The business pages regularly provide the numbers showing growth of the economy and politicians speak of these numbers all the time. Whether we're making more bread or more bombs is omitted or rarely discussed, any qualitative distinction does not register. Isn't it that the spectre of conflict is over competition for those resources to fuel ever greater production since our measure of economic success relies on it?

> ...This (political/social instability) will certainly be the

> case if productivity improvements cannot support existing

> social infrastructures for a much enlarged non-productive

> population with a greatly reduced workforce.

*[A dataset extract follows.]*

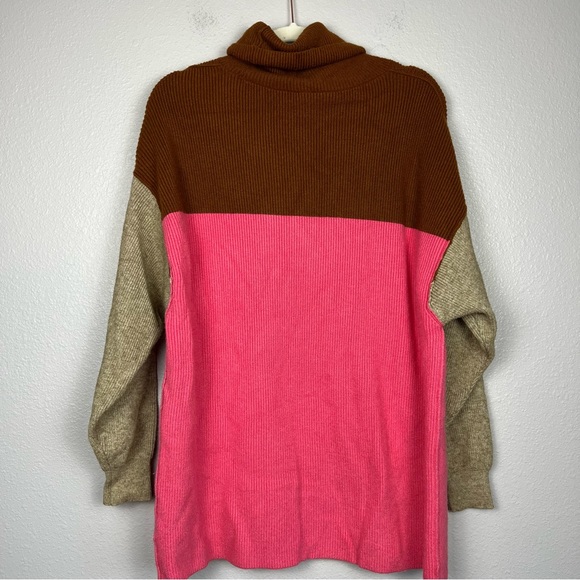 Free People Oversized Colorblock Turtleneck Sweater - XS - Picture 7 of 9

The last sentence in your paragraph above is interesting because it is so loaded, in view of what I've mentioned above. As long as our expectations remain as they are, as long as demand is continually stimulated for ever more trivial non-essentials, and as we export such an economic model to developing nations, then a day of reckoning must surely be arrived at. As developing nations may want to emulate us, then the current model is surely unsustainable? Isn't a point reached at which it is simply not within the resource capacity of the planet to ensure that every single individual over the age of 10 has a mobile phone and every adult has a car? Along with all the other paraphernalia of modern life - the stuff presented as being so essential for existence yet we didn't even know we needed until an advertiser told us we did? It appears that this is the model we're exporting to developing nations so, whilst we can debate the anticipated outcomes of population changes, migrant fl
 ows and
 competition for resources, perhaps the very basis of production needs re-considering. The kind of review that is usually reserved for times of economic catastrophe when, suddenly, a whole other set of values appear which were irrelevant or ignored when the economy was in good health.

Admittedly, I'm no expert in this, just that as I get older I become more aware of all the things that seemed so essential, the must-haves, that after purchase or consumption didn't really mean much at all. Yet the qualities of life that are truly valuable and worthy of improving - our relations with each other - are little more than tokens invoked by politicians whilst their every action and policy decision undermines them.